Taming the Beast of Bibliographic Data with Google Sheets

Anyone who has conducted a systematic literature review knows the pain. You start with a list of potential articles, but that list is often a chaotic mix of inconsistent formatting, minor typos, and missing information. I recently found myself facing this exact hurdle with a set of 86 articles that needed verification. The manual, eye-straining task of checking each one pushed me to find a better way, and the solution I landed on lives right inside Google Sheets.

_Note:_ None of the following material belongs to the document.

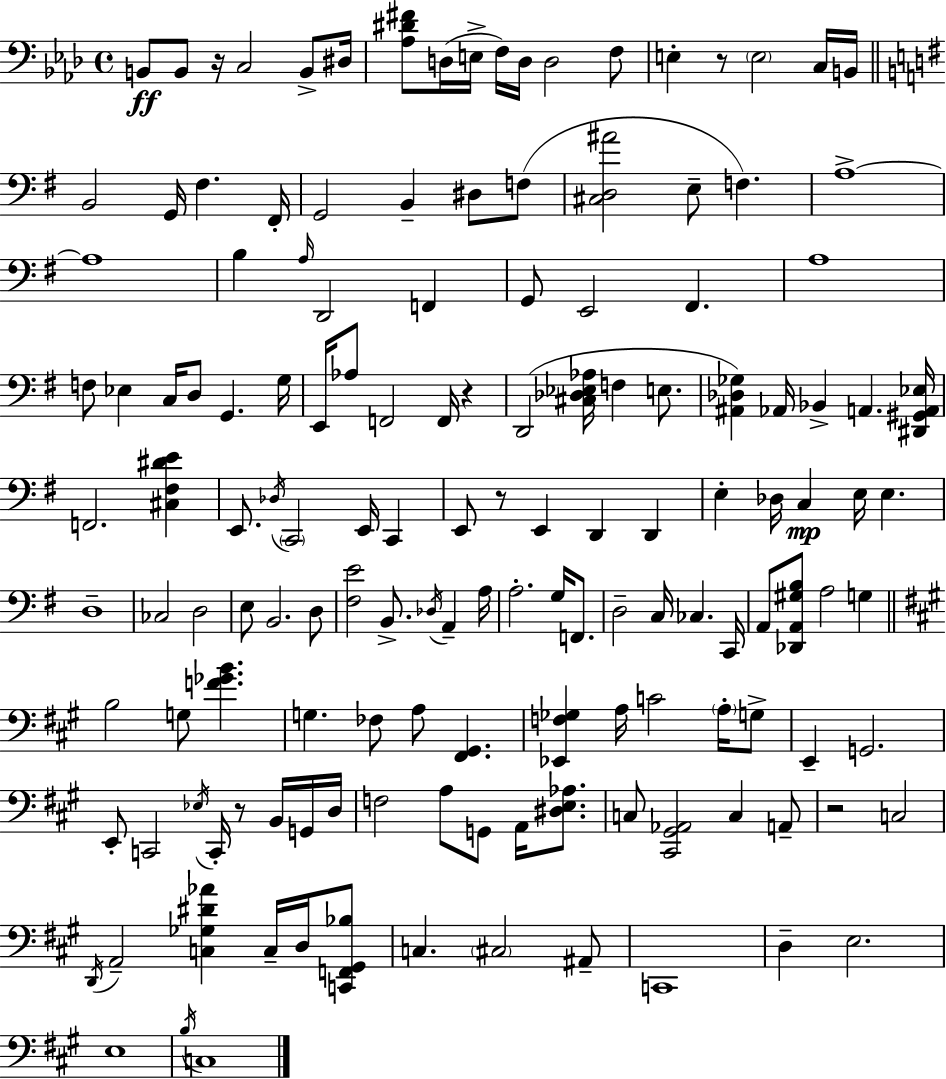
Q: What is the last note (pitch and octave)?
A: C3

Step 1: From Messy Titles to Standardized DOIs

My first goal was to get a standardized identifier for each article. The Digital Object Identifier (DOI) is the gold standard. Instead of manually searching for each of the 86 titles, I turned to Google Apps Script. I wrote a simple function, GET_DOI, that takes an article title from a cell and queries the CrossRef API to find its DOI.

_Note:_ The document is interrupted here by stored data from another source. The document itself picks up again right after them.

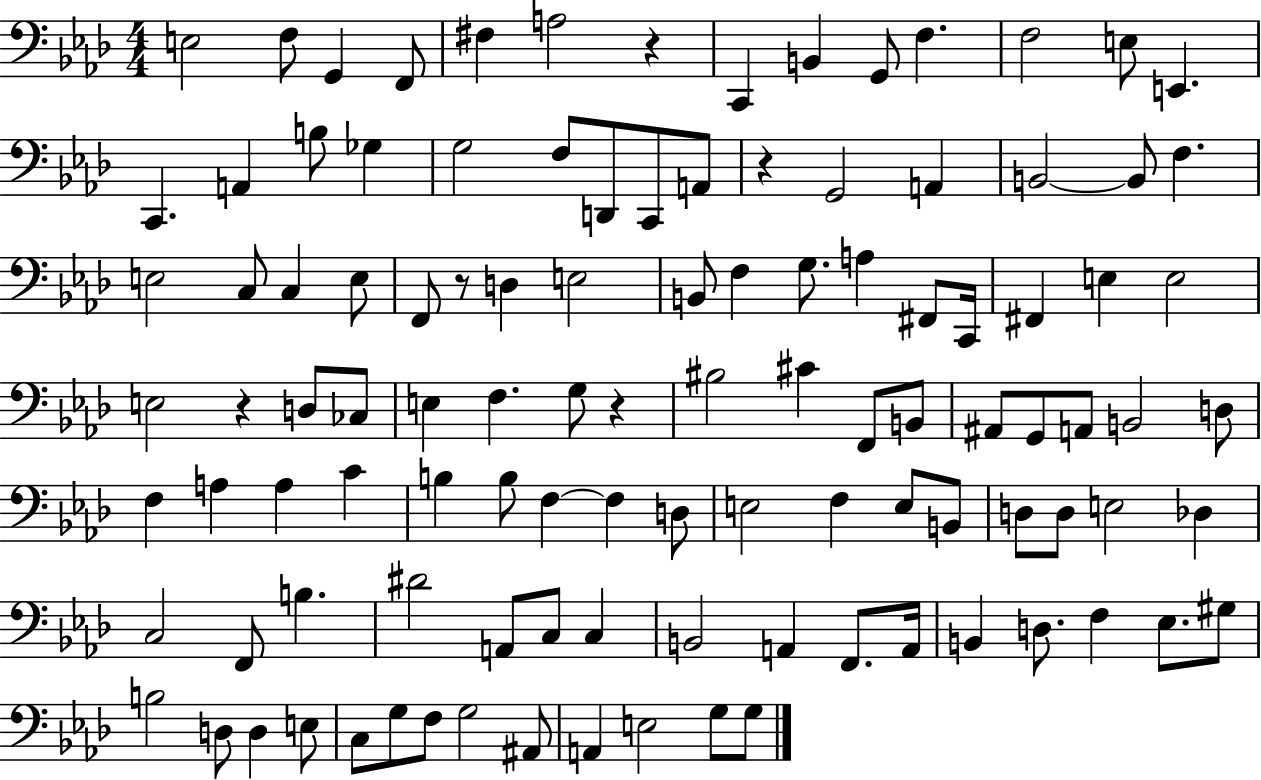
{
  \clef bass
  \numericTimeSignature
  \time 4/4
  \key aes \major
  e2 f8 g,4 f,8 | fis4 a2 r4 | c,4 b,4 g,8 f4. | f2 e8 e,4. | \break c,4. a,4 b8 ges4 | g2 f8 d,8 c,8 a,8 | r4 g,2 a,4 | b,2~~ b,8 f4. | \break e2 c8 c4 e8 | f,8 r8 d4 e2 | b,8 f4 g8. a4 fis,8 c,16 | fis,4 e4 e2 | \break e2 r4 d8 ces8 | e4 f4. g8 r4 | bis2 cis'4 f,8 b,8 | ais,8 g,8 a,8 b,2 d8 | \break f4 a4 a4 c'4 | b4 b8 f4~~ f4 d8 | e2 f4 e8 b,8 | d8 d8 e2 des4 | \break c2 f,8 b4. | dis'2 a,8 c8 c4 | b,2 a,4 f,8. a,16 | b,4 d8. f4 ees8. gis8 | \break b2 d8 d4 e8 | c8 g8 f8 g2 ais,8 | a,4 e2 g8 g8 | \bar "|."
}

Here’s the code that did the heavy lifting:


/**
 * Finds the DOI URL for a given article title using the CrossRef API.
 * @param {string} title The article title to search for.
 * @return {string} The full DOI URL.
 * @customfunction
 */
function GET_DOI(title) {
  const myEmail = "your-email@example.com"; // It's good practice to add your email
  if (!title) return "Input title is empty.";
  const url = `https://api.crossref.org/works?query.bibliographic=${encodeURIComponent(title)}&rows=1&mailto=${myEmail}`;
  try {
    const response = UrlFetchApp.fetch(url, { 'muteHttpExceptions': true });
    if (response.getResponseCode() === 200) {
      const data = JSON.parse(response.getContentText());
      if (data && data.message && data.message.items && data.message.items.length > 0) {
        return `https://doi.org/${data.message.items[0].DOI}`;
      } else {
        return "DOI not found.";
      }
    }
    return "API Error.";
  } catch (e) {
    return `Error: ${e.toString()}`;
  }
}

Step 2: Getting the "Official" Title

With a column full of DOIs, I was halfway there. But to verify my original list, I needed to get the official, publisher-registered title for each DOI. This would serve as my ground truth. So, I wrote another function, GET_TITLE_FROM_DOI, to reverse the process.


/**
 * Retrieves the full title of an article by its DOI using the CrossRef API.
 * @param {string} doiInput The DOI of the article.
 * @return {string} The full title of the article.
 * @customfunction
 */
function GET_TITLE_FROM_DOI(doiInput) {
  const myEmail = "your-email@example.com";
  if (!doiInput) return "Input DOI is empty.";
  const doi = doiInput.replace(/^(https?:\/\/)?(dx\.)?doi\.org\//, "");
  const url = `https://api.crossref.org/works/${encodeURIComponent(doi)}?mailto=${myEmail}`;
  try {
    const response = UrlFetchApp.fetch(url, { 'muteHttpExceptions': true });
    if (response.getResponseCode() === 200) {
      const data = JSON.parse(response.getContentText());
      if (data && data.message && data.message.title && data.message.title.length > 0) {
        return data.message.title[0];
      } else {
        return "Title not found.";
      }
    }
    return "DOI not found or API Error.";
  } catch (e) {
    return `Error: ${e.toString()}`;
  }
}

Now my sheet had two columns to compare: my original title and the official title pulled from CrossRef. The end of my troubles? Not quite.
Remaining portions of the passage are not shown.